Equivalence between PDAs and CFGs

In this section we describe how the notions of PDAs and CFGs are equivalent.

CFG to PDA

Given a context free language, we can construct a PDA that recognizes the same language.

Construction

The idea is somewhat straightforward.

There is a main chain of 4 states, with auxiliary states that form “loops”.
We start by placing the “end of stack” symbol and the start variable on the stack.
At any given time we can either:
- match the top of the stack with the next input, and hence advance the input, or
- replace the nonterminal at the top of the stack with a derivation of it. This is done in a sequence of states that ends up forming a loop.
The only accept state can be reached only by popping the “end of stack” symbol. This can only be seen if a derivation of the start variable was successfully matched by the input.

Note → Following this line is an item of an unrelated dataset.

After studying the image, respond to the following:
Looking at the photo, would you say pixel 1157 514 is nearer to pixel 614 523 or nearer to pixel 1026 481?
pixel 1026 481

Here is the basic picture:

The “loops” around $q_\textrm{loop}$ correspond to the production rules in the grammar. Each loop is a shorthand for a sequence of states. For instance if we have a production rule like $S\to aTb$, this would produce the following “loop”:

Loop for rule S\to aTb — Loop for rule $S\to aTb$

We usually skip the intermediate states in the process and just write this path as a self-loop with transition $\epsilon,S\to aTb$.

The graph also contains self-loops on $q_\textrm{loop}$ with transitions $t,t\to\epsilon$, for each terminal symbol $t$. These self-loops allow us to advance the input every time we get a terminal at the top of the stack.

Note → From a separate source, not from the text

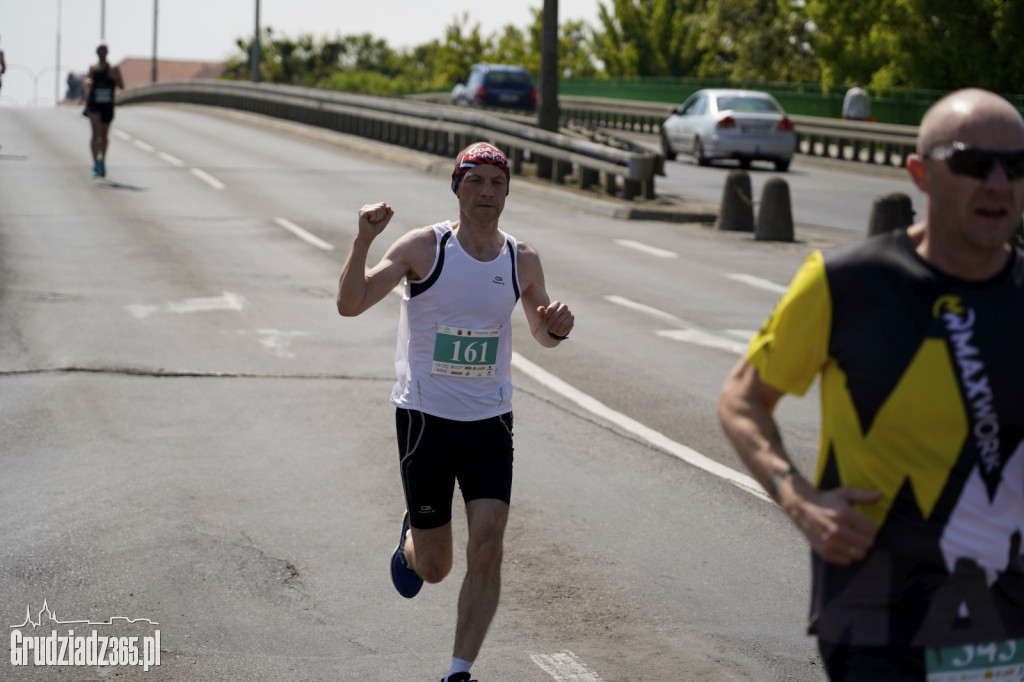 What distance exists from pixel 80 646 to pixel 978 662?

This completes the construction of the PDA.

Proof of Construction

We now want to show that this PDA recognizes the same language as the CFG. Effectively the idea is that moving through the PDA is exactly tracing a left-most derivation in the grammar.

We essentially start at the $q_\textrm{loop}$ state, with $S$ at the top of the stack.
At any given time, the element at the top of the stack would be either
- a terminal symbol, meaning our left-most derivation has produced a terminal on its left-most end, which we match by the input and advance, or
- a non-terminal symbol, representing the currently left-most non-terminal as we progress through a left-most derivation in the language. The terminals that came before it have already been matched to input, and this non-terminal at the stack is the one we would need to work on next in a left-most derivation. This is exactly what the PDA’s transitions described above allow us to do.
The end of the process is when we see the “end of input” symbol, meaning that we have managed to replace all non-terminals with sequences of terminals, which then further got popped off the stack by matching the input. This corresponds exactly to the end of a left-most derivation in CFG producing the string.

An example will make that more clear. Consider the language:

S -> aSa | bSb | epsilon

In addition to the standard 4 states, it contains:

- 2 states that establish the loop $\epsilon,S\to aSa$,
- 2 states that establish the loop $\epsilon,S\to bSb$,
- a self-loop for $\epsilon,S\to \epsilon$,
- the two self-loops $a,a\to\epsilon$ and $b,b\to\epsilon$.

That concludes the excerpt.